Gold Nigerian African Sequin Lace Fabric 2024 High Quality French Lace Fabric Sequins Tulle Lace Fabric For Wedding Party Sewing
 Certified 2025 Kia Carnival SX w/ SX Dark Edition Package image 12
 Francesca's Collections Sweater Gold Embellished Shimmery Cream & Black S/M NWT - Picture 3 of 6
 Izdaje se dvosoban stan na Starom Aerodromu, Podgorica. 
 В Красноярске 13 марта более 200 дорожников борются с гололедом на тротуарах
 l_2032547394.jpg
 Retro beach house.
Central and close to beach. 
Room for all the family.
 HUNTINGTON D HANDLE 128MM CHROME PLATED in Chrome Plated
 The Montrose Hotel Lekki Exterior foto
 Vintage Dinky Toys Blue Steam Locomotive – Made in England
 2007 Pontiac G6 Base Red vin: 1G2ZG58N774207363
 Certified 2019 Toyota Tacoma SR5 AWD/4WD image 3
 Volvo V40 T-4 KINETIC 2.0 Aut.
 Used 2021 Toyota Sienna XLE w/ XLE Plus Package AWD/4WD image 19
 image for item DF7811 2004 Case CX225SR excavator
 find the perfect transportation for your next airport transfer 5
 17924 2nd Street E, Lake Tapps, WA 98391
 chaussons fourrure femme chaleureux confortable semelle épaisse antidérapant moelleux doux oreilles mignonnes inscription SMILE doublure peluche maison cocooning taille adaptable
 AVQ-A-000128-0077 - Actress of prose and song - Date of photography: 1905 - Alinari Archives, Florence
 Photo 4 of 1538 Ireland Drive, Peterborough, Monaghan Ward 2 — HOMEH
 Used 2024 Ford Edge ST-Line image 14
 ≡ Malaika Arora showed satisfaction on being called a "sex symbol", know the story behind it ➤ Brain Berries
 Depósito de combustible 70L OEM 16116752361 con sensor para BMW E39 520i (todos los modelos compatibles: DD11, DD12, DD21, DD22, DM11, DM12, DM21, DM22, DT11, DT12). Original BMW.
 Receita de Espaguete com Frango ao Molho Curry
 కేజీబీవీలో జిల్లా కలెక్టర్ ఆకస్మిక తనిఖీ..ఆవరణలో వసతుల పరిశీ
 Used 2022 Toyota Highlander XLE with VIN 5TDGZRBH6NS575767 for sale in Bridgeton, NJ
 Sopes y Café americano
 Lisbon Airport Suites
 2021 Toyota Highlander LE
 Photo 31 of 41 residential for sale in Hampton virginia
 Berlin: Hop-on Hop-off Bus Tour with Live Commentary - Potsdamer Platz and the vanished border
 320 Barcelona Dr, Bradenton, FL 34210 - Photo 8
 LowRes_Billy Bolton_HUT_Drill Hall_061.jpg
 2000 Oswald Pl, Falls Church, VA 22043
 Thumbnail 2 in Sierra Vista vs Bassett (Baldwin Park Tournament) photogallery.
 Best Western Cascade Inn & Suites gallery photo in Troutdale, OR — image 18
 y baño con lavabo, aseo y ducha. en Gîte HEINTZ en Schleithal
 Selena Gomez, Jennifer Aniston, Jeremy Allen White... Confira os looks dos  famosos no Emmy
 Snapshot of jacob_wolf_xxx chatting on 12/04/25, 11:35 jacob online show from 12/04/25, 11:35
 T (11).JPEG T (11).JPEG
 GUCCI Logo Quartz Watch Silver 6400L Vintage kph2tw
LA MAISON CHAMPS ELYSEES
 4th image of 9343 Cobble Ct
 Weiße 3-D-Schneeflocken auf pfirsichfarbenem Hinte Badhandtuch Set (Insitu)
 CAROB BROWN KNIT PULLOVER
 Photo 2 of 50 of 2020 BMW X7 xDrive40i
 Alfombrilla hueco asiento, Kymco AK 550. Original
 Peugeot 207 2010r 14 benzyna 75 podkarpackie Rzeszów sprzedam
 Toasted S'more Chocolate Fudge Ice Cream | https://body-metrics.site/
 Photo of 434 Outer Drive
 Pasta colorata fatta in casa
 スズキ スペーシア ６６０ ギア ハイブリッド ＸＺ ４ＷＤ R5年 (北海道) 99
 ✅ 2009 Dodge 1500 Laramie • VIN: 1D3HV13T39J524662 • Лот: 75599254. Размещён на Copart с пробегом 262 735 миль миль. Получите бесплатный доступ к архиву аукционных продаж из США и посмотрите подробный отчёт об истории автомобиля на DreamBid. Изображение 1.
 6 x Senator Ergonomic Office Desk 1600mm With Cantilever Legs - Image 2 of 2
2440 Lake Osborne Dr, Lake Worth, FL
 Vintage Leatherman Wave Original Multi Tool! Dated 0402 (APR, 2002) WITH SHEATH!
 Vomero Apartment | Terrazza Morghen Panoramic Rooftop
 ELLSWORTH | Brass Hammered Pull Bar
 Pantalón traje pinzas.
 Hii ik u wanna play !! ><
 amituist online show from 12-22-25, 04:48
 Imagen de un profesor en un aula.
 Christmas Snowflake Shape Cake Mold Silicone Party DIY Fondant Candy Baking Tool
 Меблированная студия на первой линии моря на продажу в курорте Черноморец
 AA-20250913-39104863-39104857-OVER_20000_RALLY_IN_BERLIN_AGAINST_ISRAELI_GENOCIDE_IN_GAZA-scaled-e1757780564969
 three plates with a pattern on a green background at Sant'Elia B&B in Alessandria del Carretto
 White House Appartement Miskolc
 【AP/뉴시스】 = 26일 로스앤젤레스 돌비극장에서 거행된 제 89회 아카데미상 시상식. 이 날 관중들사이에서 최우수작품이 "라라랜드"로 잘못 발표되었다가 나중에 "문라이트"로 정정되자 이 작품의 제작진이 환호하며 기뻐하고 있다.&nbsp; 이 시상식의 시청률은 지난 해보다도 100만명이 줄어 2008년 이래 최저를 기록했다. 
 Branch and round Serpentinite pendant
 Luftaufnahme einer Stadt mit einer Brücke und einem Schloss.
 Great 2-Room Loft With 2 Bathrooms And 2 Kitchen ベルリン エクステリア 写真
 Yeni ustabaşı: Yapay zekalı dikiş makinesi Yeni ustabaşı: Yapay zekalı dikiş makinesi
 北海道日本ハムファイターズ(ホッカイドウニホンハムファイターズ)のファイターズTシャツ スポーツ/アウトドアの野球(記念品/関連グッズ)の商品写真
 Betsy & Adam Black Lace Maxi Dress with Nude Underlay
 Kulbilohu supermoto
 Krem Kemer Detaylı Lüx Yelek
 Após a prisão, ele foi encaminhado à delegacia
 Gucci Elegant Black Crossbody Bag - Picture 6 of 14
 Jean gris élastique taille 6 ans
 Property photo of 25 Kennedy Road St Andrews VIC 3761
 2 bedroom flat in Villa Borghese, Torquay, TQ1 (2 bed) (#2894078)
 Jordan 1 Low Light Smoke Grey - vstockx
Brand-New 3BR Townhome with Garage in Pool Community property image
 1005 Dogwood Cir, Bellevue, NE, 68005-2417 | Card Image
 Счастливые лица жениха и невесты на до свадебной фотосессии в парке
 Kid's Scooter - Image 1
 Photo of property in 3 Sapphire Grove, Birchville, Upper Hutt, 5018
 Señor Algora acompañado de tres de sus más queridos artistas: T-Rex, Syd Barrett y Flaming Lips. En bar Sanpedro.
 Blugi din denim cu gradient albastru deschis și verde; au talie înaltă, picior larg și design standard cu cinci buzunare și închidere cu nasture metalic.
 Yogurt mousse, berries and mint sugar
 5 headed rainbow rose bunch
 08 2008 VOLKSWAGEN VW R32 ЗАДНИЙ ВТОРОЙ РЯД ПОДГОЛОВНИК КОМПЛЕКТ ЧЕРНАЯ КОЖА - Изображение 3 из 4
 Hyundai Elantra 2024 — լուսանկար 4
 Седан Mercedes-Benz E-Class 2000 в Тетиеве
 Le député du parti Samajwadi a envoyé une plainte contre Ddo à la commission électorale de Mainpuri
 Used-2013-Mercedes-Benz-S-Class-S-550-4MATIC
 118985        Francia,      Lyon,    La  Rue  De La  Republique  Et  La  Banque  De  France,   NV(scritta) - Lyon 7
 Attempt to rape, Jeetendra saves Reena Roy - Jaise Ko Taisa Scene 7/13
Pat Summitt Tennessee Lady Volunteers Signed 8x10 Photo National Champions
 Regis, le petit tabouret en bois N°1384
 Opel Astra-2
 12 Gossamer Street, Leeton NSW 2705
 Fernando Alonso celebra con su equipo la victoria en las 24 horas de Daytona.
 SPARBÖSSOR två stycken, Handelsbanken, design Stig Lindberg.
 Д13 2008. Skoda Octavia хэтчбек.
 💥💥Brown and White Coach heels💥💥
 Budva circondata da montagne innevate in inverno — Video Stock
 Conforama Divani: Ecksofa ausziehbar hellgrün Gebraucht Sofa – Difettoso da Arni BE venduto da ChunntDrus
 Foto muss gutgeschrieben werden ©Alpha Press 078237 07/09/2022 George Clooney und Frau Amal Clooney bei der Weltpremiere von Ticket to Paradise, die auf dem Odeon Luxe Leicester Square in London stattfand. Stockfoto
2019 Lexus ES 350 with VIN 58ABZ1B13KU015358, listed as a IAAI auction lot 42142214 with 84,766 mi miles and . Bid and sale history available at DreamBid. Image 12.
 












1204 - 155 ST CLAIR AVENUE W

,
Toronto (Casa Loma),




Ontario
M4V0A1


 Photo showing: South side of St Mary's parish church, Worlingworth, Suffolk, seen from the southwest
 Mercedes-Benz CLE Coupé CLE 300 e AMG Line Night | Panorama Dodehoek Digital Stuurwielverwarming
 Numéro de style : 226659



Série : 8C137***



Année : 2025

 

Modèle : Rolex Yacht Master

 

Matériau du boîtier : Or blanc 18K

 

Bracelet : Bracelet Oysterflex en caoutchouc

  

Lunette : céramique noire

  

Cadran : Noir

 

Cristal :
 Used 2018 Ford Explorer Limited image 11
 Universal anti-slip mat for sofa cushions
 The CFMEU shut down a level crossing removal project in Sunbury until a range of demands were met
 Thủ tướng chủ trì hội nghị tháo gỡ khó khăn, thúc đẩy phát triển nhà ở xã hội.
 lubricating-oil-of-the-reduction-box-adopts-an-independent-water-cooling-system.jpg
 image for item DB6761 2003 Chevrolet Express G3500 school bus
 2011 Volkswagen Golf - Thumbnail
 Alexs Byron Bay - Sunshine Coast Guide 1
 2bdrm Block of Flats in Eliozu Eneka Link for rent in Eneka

Exercise
Go through the material and copy each line in which the word "Street" occurs.

Answer section
 17924 2nd Street E, Lake Tapps, WA 98391
 12 Gossamer Street, Leeton NSW 2705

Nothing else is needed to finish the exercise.